+++ Records for this task

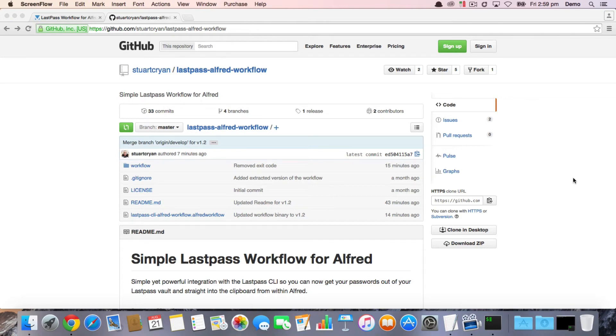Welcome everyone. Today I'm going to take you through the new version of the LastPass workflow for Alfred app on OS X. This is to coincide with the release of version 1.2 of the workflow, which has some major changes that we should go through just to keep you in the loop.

++++++
+++ Records for this task

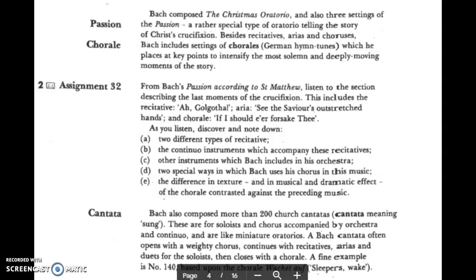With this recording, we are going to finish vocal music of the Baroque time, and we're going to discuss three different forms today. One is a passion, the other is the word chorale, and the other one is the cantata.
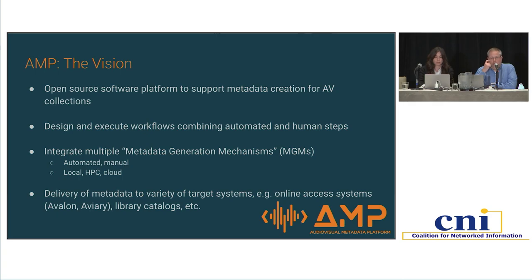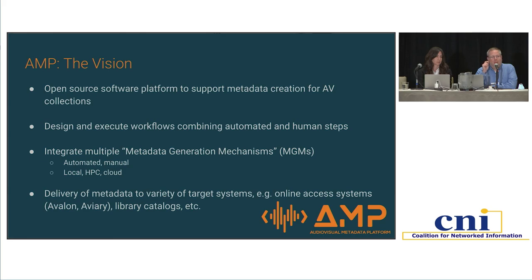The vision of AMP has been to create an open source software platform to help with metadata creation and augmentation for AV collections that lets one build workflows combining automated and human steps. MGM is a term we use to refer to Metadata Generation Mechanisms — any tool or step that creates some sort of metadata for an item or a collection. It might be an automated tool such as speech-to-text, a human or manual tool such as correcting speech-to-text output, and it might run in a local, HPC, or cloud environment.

++++++
+++ Records for this task

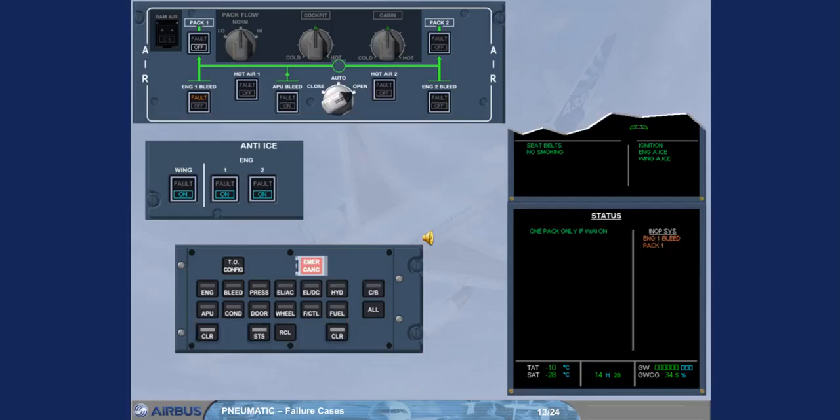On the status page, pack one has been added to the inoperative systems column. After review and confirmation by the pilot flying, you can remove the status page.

++++++

Output only the stretch above from the line with "With this recording, we" through the line with "The vision of", reproduced exactly. Exclude pictures.

Task answer:
With this recording, we are going to finish vocal music of the Baroque time, and we're going to discuss three different forms today. One is a passion, the other is the word chorale, and the other one is the cantata.
The vision of AMP has been to create an open source software platform to help with metadata creation and augmentation for AV collections that lets one build workflows combining automated and human steps. MGM is a term we use to refer to Metadata Generation Mechanisms — any tool or step that creates some sort of metadata for an item or a collection. It might be an automated tool such as speech-to-text, a human or manual tool such as correcting speech-to-text output, and it might run in a local, HPC, or cloud environment.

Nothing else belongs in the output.